==== INFORMATION PROVIDED

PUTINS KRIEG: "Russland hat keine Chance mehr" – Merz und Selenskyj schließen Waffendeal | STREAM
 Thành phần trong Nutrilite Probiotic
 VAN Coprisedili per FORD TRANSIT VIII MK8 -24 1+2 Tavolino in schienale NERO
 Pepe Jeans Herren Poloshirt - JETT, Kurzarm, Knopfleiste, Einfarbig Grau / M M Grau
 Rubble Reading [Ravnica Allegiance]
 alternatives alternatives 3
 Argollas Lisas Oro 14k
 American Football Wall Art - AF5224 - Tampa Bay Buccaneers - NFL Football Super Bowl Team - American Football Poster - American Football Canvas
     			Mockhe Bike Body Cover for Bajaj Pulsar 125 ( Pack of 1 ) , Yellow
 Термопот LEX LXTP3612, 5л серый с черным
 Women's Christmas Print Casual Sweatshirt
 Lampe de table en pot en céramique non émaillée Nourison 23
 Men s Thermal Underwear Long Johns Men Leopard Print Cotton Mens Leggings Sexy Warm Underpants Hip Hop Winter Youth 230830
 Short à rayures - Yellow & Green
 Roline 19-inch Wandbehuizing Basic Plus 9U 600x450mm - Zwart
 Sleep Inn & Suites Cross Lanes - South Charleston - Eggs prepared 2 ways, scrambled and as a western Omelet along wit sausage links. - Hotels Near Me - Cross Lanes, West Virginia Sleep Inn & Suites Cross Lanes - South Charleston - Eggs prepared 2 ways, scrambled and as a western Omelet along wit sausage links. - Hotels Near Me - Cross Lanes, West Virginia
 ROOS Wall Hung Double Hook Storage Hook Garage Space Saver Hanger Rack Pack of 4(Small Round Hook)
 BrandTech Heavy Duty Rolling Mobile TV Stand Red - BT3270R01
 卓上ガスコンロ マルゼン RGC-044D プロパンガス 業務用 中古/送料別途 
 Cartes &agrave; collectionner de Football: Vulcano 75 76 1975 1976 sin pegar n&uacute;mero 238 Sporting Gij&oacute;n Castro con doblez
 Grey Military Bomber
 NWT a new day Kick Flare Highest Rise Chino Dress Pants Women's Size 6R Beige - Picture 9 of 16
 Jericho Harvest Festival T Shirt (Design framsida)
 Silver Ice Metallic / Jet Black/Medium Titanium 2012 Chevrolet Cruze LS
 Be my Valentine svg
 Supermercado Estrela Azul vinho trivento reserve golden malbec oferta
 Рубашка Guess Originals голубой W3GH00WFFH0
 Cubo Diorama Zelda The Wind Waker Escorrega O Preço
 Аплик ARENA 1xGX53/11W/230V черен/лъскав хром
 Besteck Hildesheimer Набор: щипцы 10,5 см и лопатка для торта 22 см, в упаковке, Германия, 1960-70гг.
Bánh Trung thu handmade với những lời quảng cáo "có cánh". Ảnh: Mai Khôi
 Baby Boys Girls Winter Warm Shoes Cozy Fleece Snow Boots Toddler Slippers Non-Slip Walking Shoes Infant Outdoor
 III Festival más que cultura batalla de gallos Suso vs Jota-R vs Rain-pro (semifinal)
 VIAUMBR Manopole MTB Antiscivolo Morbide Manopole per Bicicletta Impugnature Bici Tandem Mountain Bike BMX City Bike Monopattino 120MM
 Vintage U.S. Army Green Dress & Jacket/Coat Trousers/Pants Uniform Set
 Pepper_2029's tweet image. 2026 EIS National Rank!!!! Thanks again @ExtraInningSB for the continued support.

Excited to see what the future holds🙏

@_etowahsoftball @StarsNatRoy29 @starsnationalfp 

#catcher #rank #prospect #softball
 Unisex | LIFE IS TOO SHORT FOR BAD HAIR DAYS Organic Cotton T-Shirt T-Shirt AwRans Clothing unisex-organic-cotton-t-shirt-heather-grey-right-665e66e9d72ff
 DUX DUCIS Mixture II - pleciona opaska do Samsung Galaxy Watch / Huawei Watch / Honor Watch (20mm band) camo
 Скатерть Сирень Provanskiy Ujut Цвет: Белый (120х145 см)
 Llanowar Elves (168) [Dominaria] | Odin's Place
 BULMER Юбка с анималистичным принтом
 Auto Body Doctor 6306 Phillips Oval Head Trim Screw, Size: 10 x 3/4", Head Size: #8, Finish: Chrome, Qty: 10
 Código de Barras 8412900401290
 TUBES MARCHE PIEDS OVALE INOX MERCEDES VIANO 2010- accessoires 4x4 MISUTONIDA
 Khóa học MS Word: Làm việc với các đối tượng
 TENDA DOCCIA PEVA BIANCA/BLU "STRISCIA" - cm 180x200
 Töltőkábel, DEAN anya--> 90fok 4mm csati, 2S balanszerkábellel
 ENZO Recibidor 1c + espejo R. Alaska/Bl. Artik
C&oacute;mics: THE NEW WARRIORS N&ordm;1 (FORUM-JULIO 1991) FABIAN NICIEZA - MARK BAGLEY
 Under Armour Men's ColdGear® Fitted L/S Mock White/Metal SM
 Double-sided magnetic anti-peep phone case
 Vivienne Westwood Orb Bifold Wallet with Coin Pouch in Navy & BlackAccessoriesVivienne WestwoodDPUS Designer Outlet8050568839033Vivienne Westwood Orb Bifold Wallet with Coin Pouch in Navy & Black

========

§ **EXERCISE REQUIREMENTS**: Please reproduce exactly the lines in the listing above from the one containing "Jericho Harvest Festival" through the one containing "Аплик ARENA 1xGX53/11W/230V", both included, and nothing more.

§ **COMPLETED EXERCISE**:
 Jericho Harvest Festival T Shirt (Design framsida)
 Silver Ice Metallic / Jet Black/Medium Titanium 2012 Chevrolet Cruze LS
 Be my Valentine svg
 Supermercado Estrela Azul vinho trivento reserve golden malbec oferta
 Рубашка Guess Originals голубой W3GH00WFFH0
 Cubo Diorama Zelda The Wind Waker Escorrega O Preço
 Аплик ARENA 1xGX53/11W/230V черен/лъскав хром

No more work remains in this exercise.